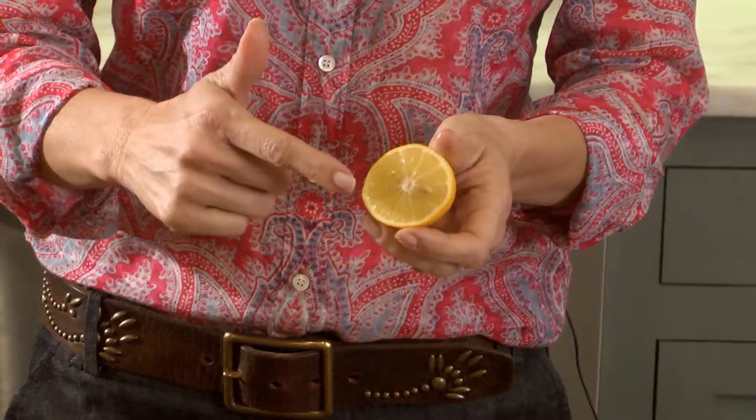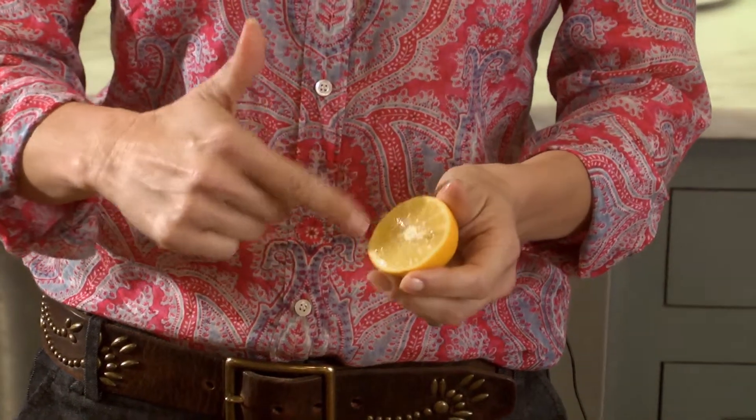Another way that I like to use lemons is I like to clean with them. One of my favorite ways to clean with them is to clean my copper pots. I put a little bit of salt on the inside of the lemon, and I just rub it across the pot, and the tarnish just comes right off.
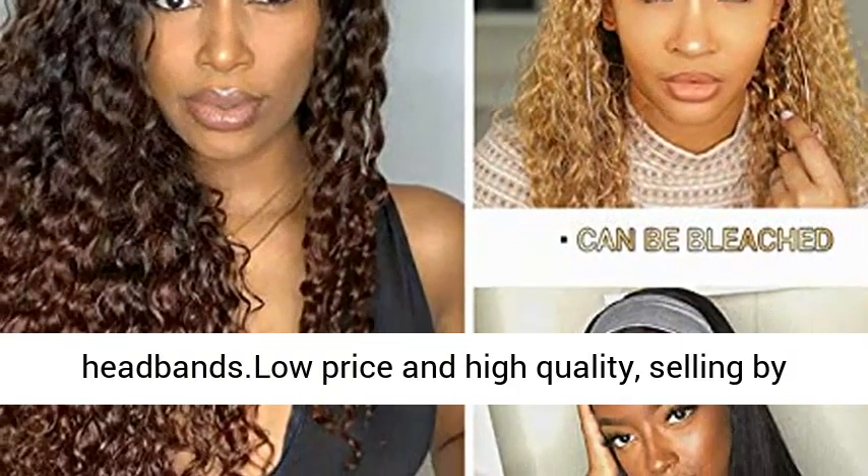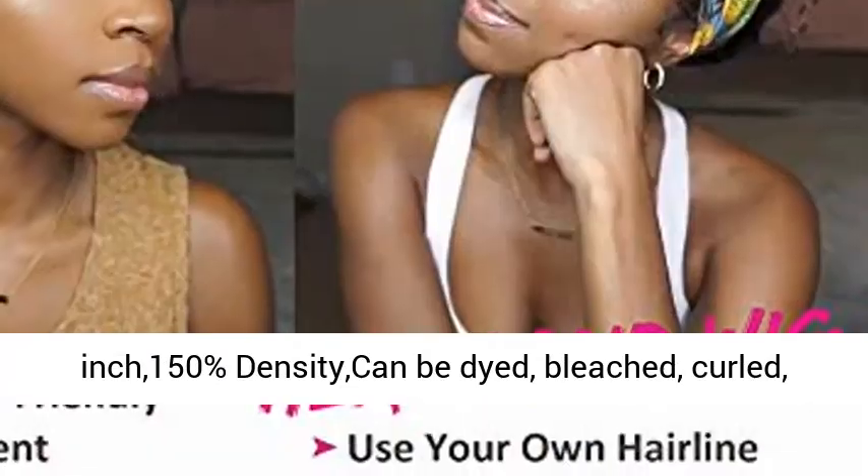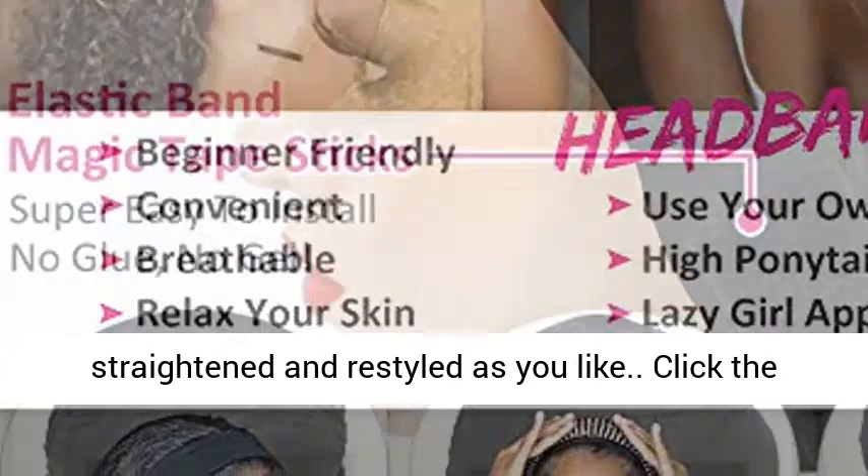Low price and high quality, selling by factory directly. Waterwave Headband Wig, 26 inch, 150% density — can be dyed, bleached, curled, straightened, and restyled as you like.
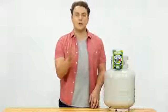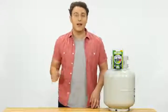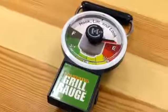Unhook the gauge and read the dial. The indicator stays in place showing the propane level in your tank. No more lifting the tank to waist height to be able to read the gauge.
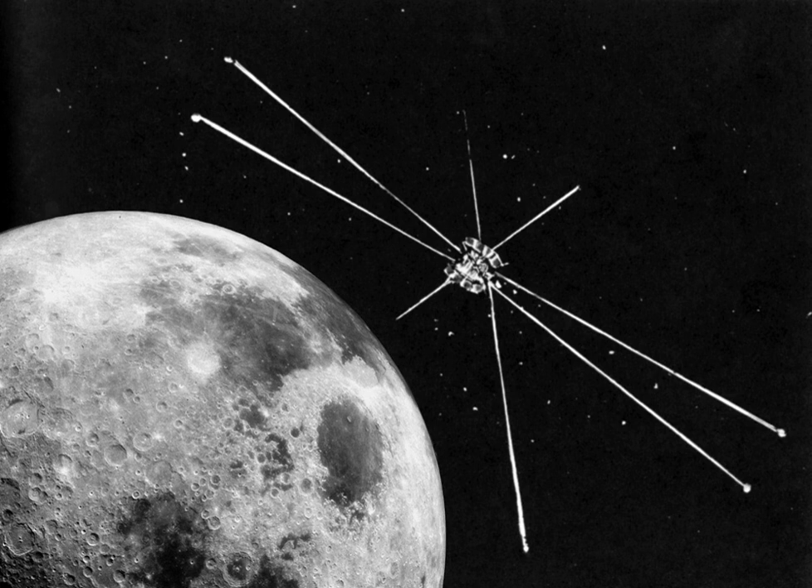This mission was the second of a pair of radio astronomy Explorer satellites, Explorer 38 being the first. Explorer 49 was placed into lunar orbit to provide radio astronomical measurements of the planets, the Sun, and the galaxy over the frequency range of 25 kHz to 13.1 MHz.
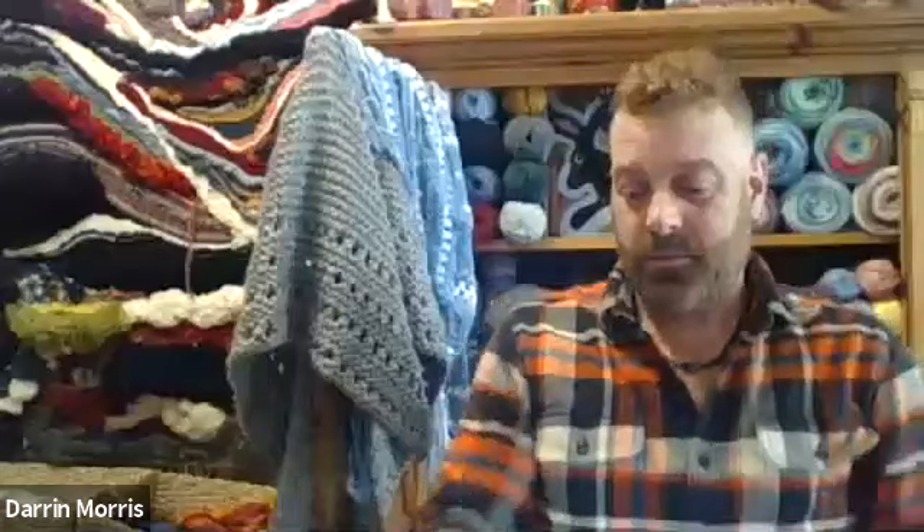Welcome everybody to Granny Squares on this lovely Monday afternoon. Your teacher Darren is there on screen showing off some of the things you'll be able to make after you take this class and practice for a little while. My name is Claire. I'll be hanging out in the chat and answering your questions there or forwarding them on to Darren. Just a reminder that this class is being recorded so you'll be able to go back and watch this as many times as you need to.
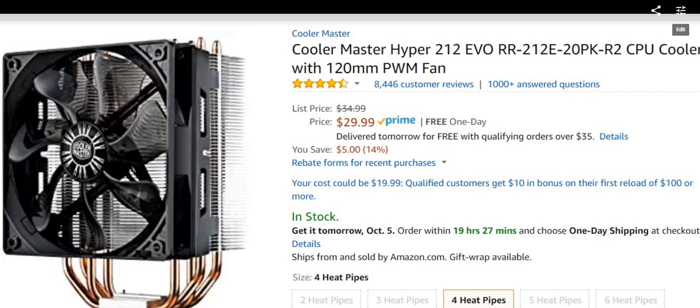This is a tutorial about how to install the Cooler Master Hyper 212 EVO. It comes with a 120mm fan and four heat pipes. It's quite powerful but not too heavy — a nice trade-off between power, weight, and price. At the moment it's $29, which is quite reasonable.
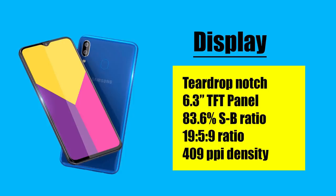This is Samsung's LCD panel. It has a TFT screen, and this is an 80-plus percent screen-to-body ratio.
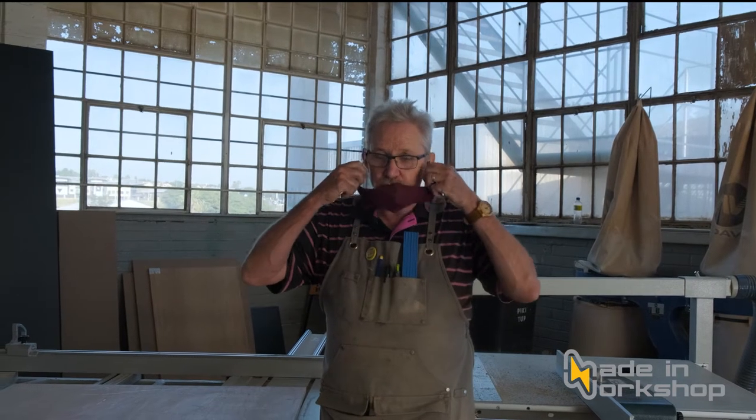Hello folks, my name is Graham and I'm standing in a panel saw made in workshop. I'm going to take my mask off because you need to be able to hear me. Protocols are observed here but just for this particular video I'm going to drop my mask.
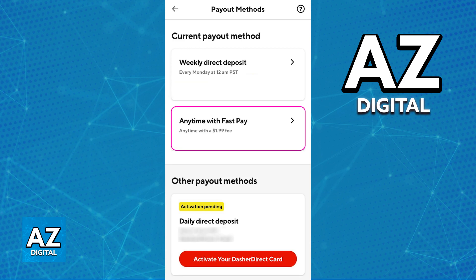As you can see highlighted here — payout anytime with FastPay. If you do not see the FastPay option, make sure that you have a bank account properly connected, your Dasher account is verified, and that you have been active in this service for a long time.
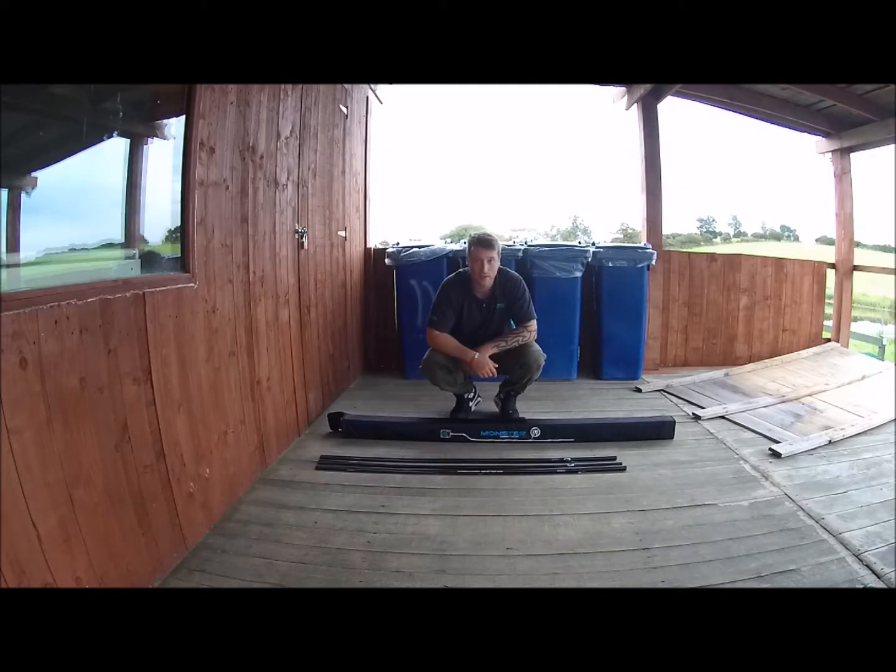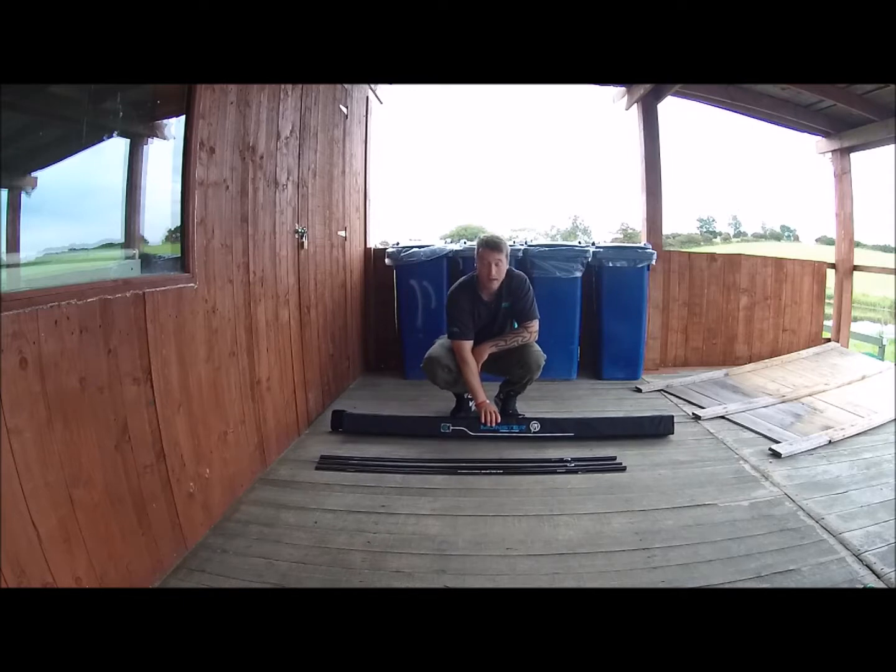Morning all. I'm here today to do a quick review on the Preston Monster Compact Top Kit Case. I only just recently bought this and it's a wonderful bit of kit. It doesn't have to be Preston — you can buy any of the top kit cases out on the market. I've noticed the more matches I go to, the more I see people having these protecting their top kits. Whereas before I used to just throw it into the rod bag into a tube, now I've got a separate case that I can actually put my top kits into.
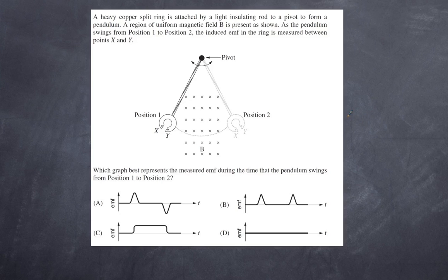Question 5: A heavy copper split ring is attached by a light insulating rod to a pivot to form a pendulum. A region of uniform magnetic field is present and the pendulum swings from position one to position two. The induced EMF is measured between X and Y. The key here is change of flux over time — with the negative sign reflecting Lenz's law — so any induced EMF will oppose the motion. Let's work out the direction of the eddy current.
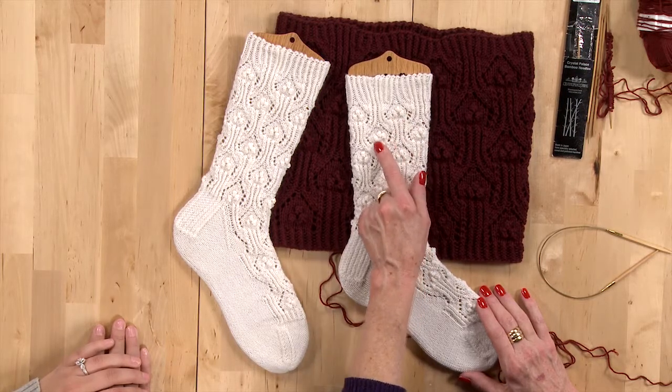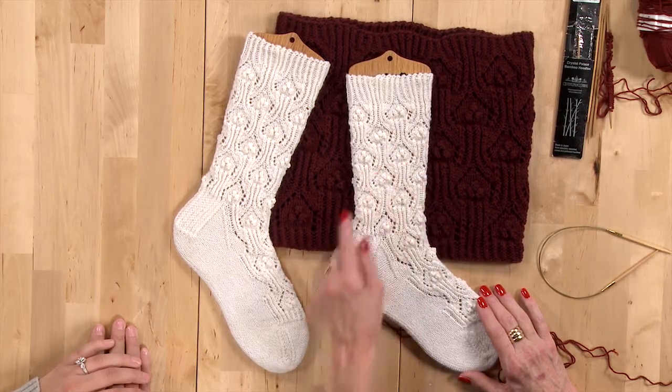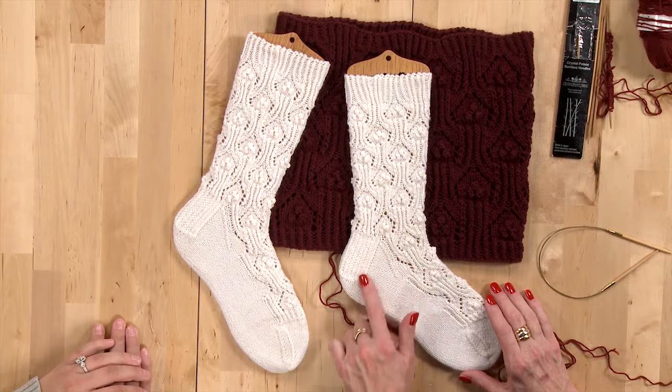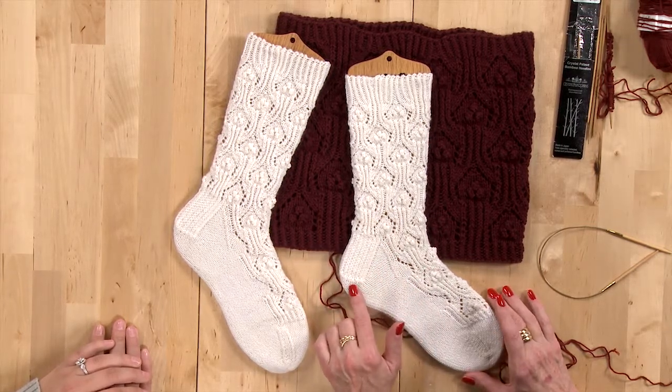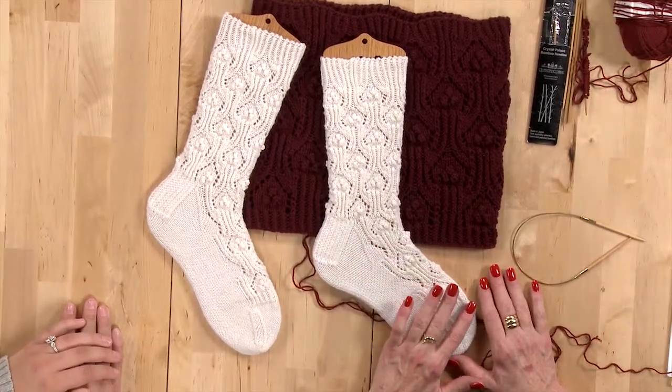It's got little popcorns here that add some texture. It has a standard slip stitch heel, a traditional heel turn, and it has the pattern down the foot.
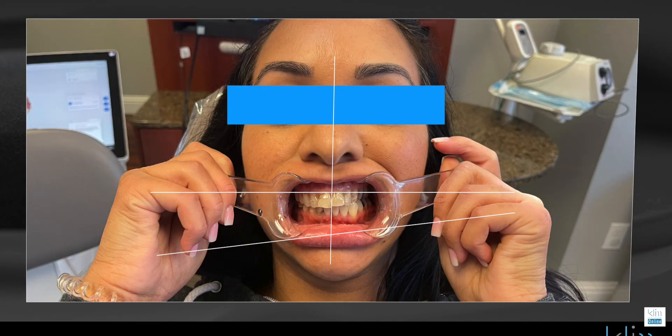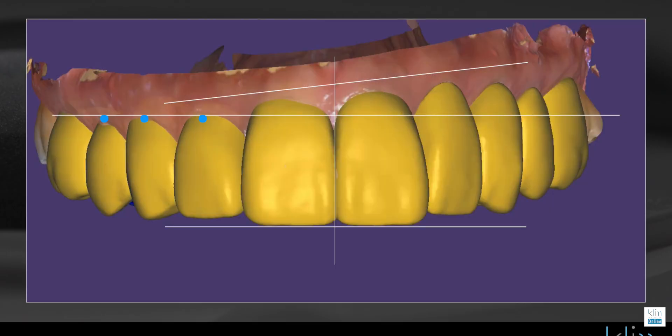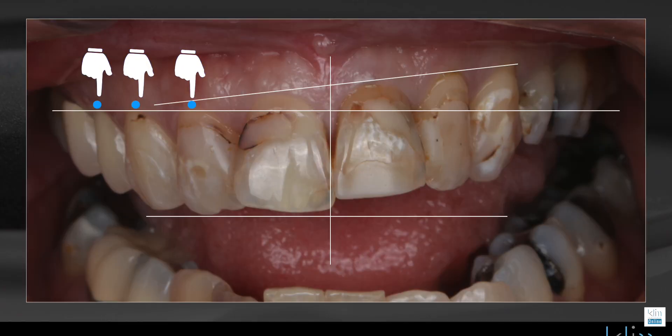One thing that really helps me — even when I'm not using the smile feature, which is about two thirds of the time — I still take a retracted view of the patient. Why is that important? Because with that I can see the axis of the face and identify any cant I want to change. On that picture I'll identify several points in the mouth, whether it be soft tissue line or the edge of a tooth, to set up my axis.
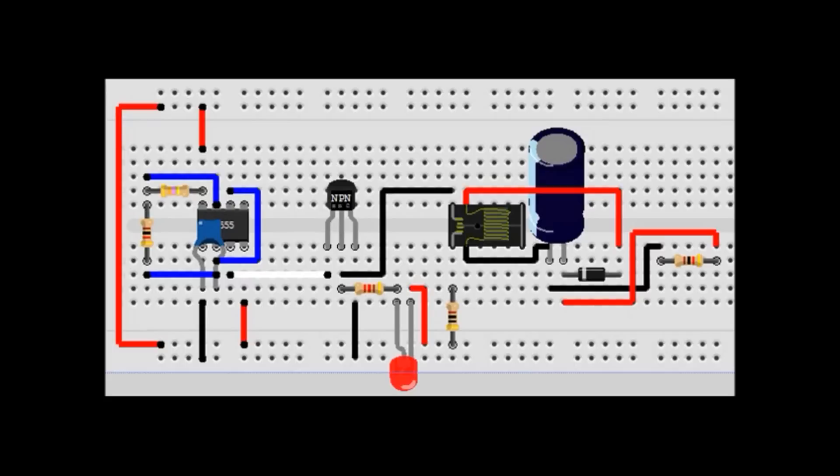It's an inductive load and it kind of looks like a transformer. So what we got going on over here on the left-hand side, separated by the white wire, we have our oscillator circuit. What that circuit does is it creates a frequency. We're using a 555 timer with two resistors and a capacitor to create a frequency. All these parts I will list in the video description.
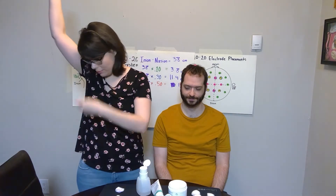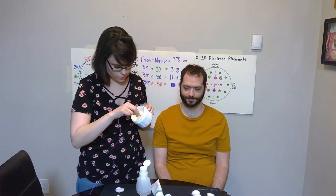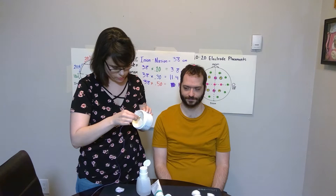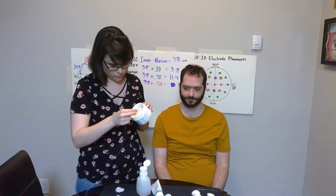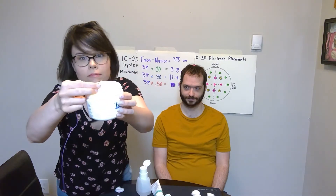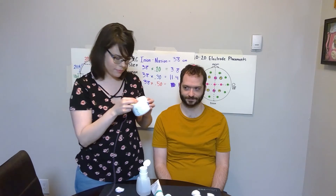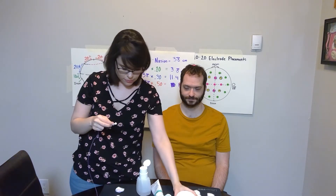We're going to scoop out some of the 1020 paste using the head of the electrode, kind of like an ice cream scoop. We're going to want the size of the scoop to be about the size of a pea — not too big, not too little.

···

■ TASK
Keeping every word as it is, write out all the data and omit the pictures.

■ ANSWER BOX
Another way that I like to use lemons is I like to clean with them. One of my favorite ways to clean with them is to clean my copper pots. I put a little bit of salt on the inside of the lemon, and I just rub it across the pot, and the tarnish just comes right off.
Low price and high quality, selling by factory directly. Waterwave Headband Wig, 26 inch, 150% density — can be dyed, bleached, curled, straightened, and restyled as you like.
Unhook the gauge and read the dial. The indicator stays in place showing the propane level in your tank. No more lifting the tank to waist height to be able to read the gauge.
This mission was the second of a pair of radio astronomy Explorer satellites, Explorer 38 being the first. Explorer 49 was placed into lunar orbit to provide radio astronomical measurements of the planets, the Sun, and the galaxy over the frequency range of 25 kHz to 13.1 MHz.
Welcome everybody to Granny Squares on this lovely Monday afternoon. Your teacher Darren is there on screen showing off some of the things you'll be able to make after you take this class and practice for a little while. My name is Claire. I'll be hanging out in the chat and answering your questions there or forwarding them on to Darren. Just a reminder that this class is being recorded so you'll be able to go back and watch this as many times as you need to.
This is a tutorial about how to install the Cooler Master Hyper 212 EVO. It comes with a 120mm fan and four heat pipes. It's quite powerful but not too heavy — a nice trade-off between power, weight, and price. At the moment it's $29, which is quite reasonable.
This is Samsung's LCD panel. It has a TFT screen, and this is an 80-plus percent screen-to-body ratio.
Hello folks, my name is Graham and I'm standing in a panel saw made in workshop. I'm going to take my mask off because you need to be able to hear me. Protocols are observed here but just for this particular video I'm going to drop my mask.
As you can see highlighted here — payout anytime with FastPay. If you do not see the FastPay option, make sure that you have a bank account properly connected, your Dasher account is verified, and that you have been active in this service for a long time.
Morning all. I'm here today to do a quick review on the Preston Monster Compact Top Kit Case. I only just recently bought this and it's a wonderful bit of kit. It doesn't have to be Preston — you can buy any of the top kit cases out on the market. I've noticed the more matches I go to, the more I see people having these protecting their top kits. Whereas before I used to just throw it into the rod bag into a tube, now I've got a separate case that I can actually put my top kits into.
Question 5: A heavy copper split ring is attached by a light insulating rod to a pivot to form a pendulum. A region of uniform magnetic field is present and the pendulum swings from position one to position two. The induced EMF is measured between X and Y. The key here is change of flux over time — with the negative sign reflecting Lenz's law — so any induced EMF will oppose the motion. Let's work out the direction of the eddy current.
It's got little popcorns here that add some texture. It has a standard slip stitch heel, a traditional heel turn, and it has the pattern down the foot.
One thing that really helps me — even when I'm not using the smile feature, which is about two thirds of the time — I still take a retracted view of the patient. Why is that important? Because with that I can see the axis of the face and identify any cant I want to change. On that picture I'll identify several points in the mouth, whether it be soft tissue line or the edge of a tooth, to set up my axis.
It's an inductive load and it kind of looks like a transformer. So what we got going on over here on the left-hand side, separated by the white wire, we have our oscillator circuit. What that circuit does is it creates a frequency. We're using a 555 timer with two resistors and a capacitor to create a frequency. All these parts I will list in the video description.
We're going to scoop out some of the 1020 paste using the head of the electrode, kind of like an ice cream scoop. We're going to want the size of the scoop to be about the size of a pea — not too big, not too little.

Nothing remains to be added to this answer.